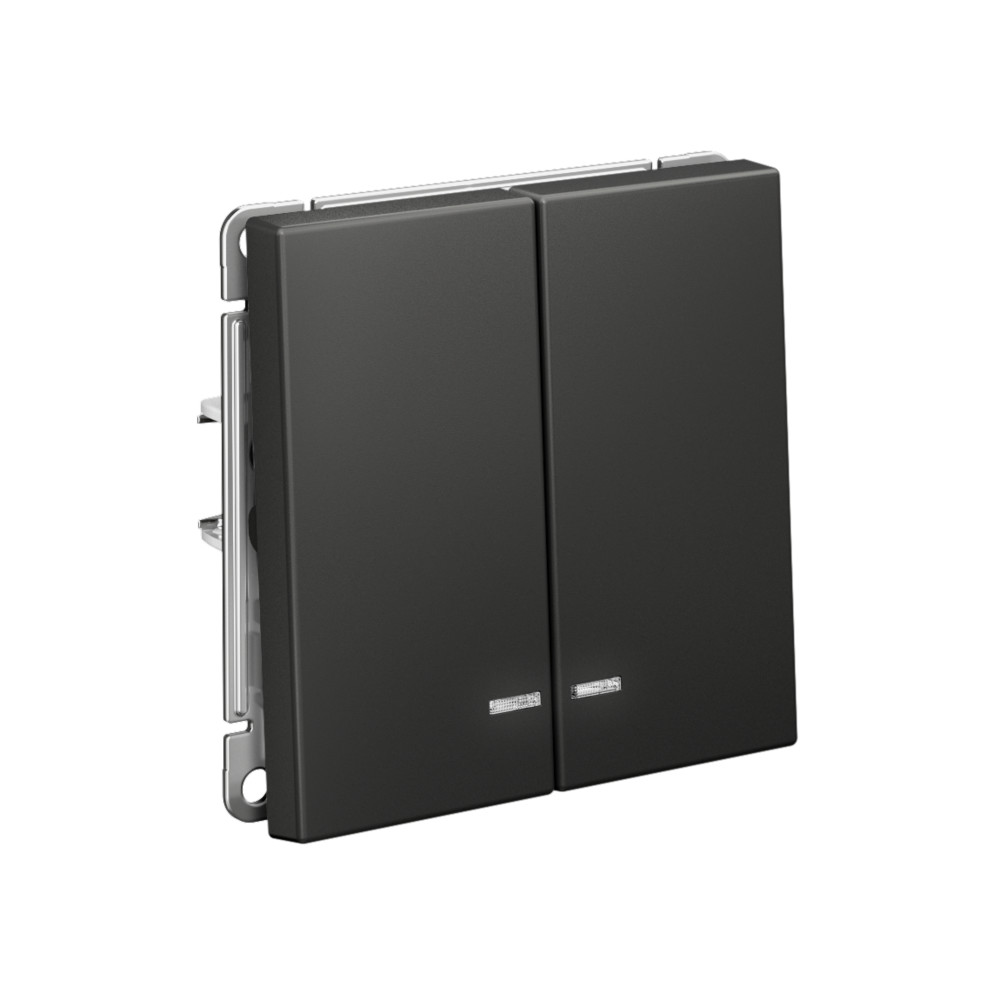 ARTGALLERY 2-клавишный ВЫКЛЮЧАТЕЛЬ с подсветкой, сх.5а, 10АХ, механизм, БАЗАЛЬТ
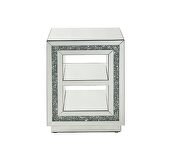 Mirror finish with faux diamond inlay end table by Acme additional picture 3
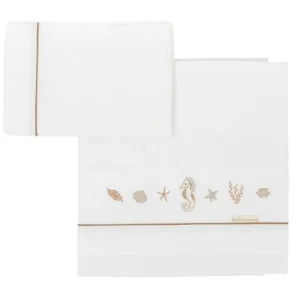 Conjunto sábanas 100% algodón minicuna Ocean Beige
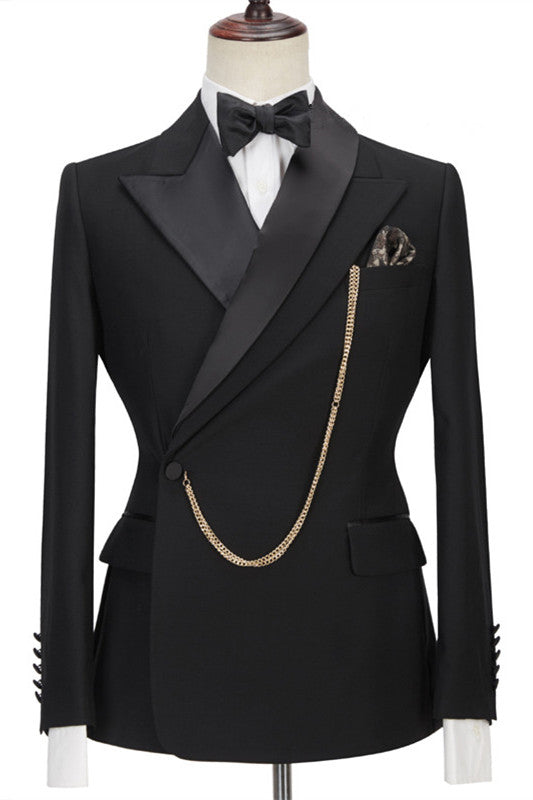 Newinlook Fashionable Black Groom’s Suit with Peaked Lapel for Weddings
---
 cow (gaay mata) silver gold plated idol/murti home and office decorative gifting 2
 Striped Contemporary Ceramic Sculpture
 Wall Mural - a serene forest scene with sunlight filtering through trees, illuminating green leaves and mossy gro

▶ _Activity_: In the listing above, find the line containing "Mirror finish with" and the line containing "Newinlook Fashionable Black", then return both of them and every line between, exactly, without pictures.

▶ _Written response_:
 Mirror finish with faux diamond inlay end table by Acme additional picture 3
 Conjunto sábanas 100% algodón minicuna Ocean Beige
 Newinlook Fashionable Black Groom’s Suit with Peaked Lapel for Weddings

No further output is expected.